US President-elect Joe Biden plans to unveil a sweeping immigration bill on the first day of his administration, hoping to provide an eight-year path to citizenship for an estimated 11 million people who had infiltrated into the country and live there without legal status — in a massive reversal from the Trump administration’s stringent immigration policies.
The legislation puts Biden on track to deliver on a major campaign promise important to Latino voters and other immigrant communities after four years of President Donald Trump‘s restrictive policies and mass deportations.
It provides one of the fastest pathways to citizenship for those living without legal status of any measure in recent years, but it fails to include the traditional trade-off of enhanced border security favoured by many Republicans, making passage in a narrowly divided Congress in doubt.
Expected to run hundreds of pages, the bill is set to be introduced after Biden takes the oath of office Wednesday, according to a person familiar with the legislation and granted anonymity to discuss it.

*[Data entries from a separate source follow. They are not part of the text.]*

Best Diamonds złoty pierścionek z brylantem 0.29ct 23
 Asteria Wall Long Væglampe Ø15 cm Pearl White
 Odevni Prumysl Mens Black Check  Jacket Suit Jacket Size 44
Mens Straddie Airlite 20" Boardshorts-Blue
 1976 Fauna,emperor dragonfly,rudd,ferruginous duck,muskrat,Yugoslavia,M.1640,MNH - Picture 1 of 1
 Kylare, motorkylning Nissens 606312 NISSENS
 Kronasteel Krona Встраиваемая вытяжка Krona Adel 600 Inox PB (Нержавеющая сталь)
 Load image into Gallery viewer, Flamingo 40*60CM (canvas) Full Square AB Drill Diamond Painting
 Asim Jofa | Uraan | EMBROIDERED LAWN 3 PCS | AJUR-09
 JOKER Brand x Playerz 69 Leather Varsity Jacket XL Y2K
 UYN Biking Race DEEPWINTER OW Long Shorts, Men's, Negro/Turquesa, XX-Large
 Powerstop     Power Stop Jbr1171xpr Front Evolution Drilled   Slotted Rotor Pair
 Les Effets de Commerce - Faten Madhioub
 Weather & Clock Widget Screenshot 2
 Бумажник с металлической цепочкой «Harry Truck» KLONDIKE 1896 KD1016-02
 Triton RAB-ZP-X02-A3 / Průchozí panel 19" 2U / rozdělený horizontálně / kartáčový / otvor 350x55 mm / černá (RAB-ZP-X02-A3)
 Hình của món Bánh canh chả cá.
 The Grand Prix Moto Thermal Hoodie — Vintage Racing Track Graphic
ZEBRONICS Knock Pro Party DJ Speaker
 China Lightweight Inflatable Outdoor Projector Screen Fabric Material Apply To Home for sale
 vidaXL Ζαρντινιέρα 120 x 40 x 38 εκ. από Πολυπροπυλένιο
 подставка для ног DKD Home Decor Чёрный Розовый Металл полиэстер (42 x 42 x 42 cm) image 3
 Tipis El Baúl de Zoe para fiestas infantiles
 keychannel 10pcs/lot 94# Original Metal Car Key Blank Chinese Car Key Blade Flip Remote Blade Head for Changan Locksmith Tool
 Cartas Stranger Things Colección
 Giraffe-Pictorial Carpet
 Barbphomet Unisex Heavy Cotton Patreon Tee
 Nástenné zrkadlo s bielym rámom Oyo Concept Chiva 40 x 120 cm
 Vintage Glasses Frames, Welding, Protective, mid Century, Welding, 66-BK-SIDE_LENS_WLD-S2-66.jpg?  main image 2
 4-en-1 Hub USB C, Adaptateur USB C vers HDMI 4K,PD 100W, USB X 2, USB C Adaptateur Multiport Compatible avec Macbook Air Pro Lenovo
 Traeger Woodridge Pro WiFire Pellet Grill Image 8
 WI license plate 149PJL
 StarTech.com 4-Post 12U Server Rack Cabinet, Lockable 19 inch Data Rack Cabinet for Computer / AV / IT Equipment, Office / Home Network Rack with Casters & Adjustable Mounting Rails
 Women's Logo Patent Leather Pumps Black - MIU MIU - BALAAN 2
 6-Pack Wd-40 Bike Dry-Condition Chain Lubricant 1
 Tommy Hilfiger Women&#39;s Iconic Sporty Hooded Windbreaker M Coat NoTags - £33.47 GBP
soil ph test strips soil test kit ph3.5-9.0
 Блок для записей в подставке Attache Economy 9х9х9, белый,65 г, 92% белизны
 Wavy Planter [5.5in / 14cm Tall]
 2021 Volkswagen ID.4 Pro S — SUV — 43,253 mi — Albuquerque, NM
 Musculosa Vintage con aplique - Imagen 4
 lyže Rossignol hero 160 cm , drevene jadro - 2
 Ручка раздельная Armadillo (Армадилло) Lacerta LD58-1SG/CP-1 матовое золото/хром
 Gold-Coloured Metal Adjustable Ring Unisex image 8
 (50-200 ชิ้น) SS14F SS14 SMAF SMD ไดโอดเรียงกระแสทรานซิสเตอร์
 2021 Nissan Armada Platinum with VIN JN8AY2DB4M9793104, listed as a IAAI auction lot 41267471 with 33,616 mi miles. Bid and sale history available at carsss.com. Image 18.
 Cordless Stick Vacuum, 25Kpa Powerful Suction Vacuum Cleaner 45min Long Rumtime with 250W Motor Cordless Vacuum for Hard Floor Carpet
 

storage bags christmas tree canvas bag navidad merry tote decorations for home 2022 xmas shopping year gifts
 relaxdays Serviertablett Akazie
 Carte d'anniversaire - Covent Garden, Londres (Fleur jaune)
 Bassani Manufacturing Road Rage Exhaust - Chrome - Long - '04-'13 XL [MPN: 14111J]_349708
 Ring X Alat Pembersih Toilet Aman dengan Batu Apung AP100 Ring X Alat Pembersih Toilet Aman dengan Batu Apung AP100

As a candidate, Biden called Trump’s actions on immigration an “unrelenting assault” on American values and said he would “undo the damage” while continuing to maintain border enforcement. Biden has been unperturbed by the fact that most of these ‘immigrants’ either entered the US by fraudulent means or overstayed after their visas lapsed or they sneaked into the American territory through its border with Mexico.
It may be recalled in this context that Mexico had deported more than 300 Indians back to India in October 2019 for attempting to illegally sneak into the US via Mexico. As many as 311 Indians were sent back to India escorted by 74 Mexican officers on chartered flights. Many of them had spent lakhs of rupees bribing some Mexican authorities to let them walk through a forest to infiltrate the US.
Under the proposed legislation, those living in the US as of 1 January 2021 — without legal status — would have a five-year path to temporary legal status, or a green card, if they pass background checks, pay taxes and fulfil other basic requirements. From there, it’s a three-year path to naturalisation, if they decide to pursue citizenship.
For some immigrants, the process would be quicker. So-called Dreamers, the young people who arrived in the US illegally as children, as well as agricultural workers and people under temporary protective status, could qualify more immediately for green cards if they are working, are in school or meet other requirements.
The bill is not as comprehensive as the last major immigration overhaul proposed when Biden was vice president during the Obama administration. For example, it does not include a robust border security element but rather calls for coming up with strategies. Nor does it create any new guest worker or other visa programs.
Biden is expected to take swift executive actions to reverse other Trump immigration actions, including an end to the prohibition on arrivals from several predominantly Muslim countries.
During the Democratic primary, Biden consistently named immigration action as one of his “day one” priorities, pointing to the range of executive powers he could invoke to reverse Trump’s policies.
Biden allies and even some Republicans have identified immigration as a major issue where the new administration could find common ground with Senate Republican Leader Mitch McConnell and enough other GOP senators to avoid the stalemate that has vexed administrations of both parties for decades.
That kind of major win — even if it involves compromise — could be critical as Biden looks for legislative victories in a closely divided Congress, where Republicans are certain to oppose other Biden priorities that involve rolling back some of the GOP’s 2017 tax cuts and increasing federal spending.
As a candidate, Biden went so far as to say the Obama administration went too far in its aggressive deportations.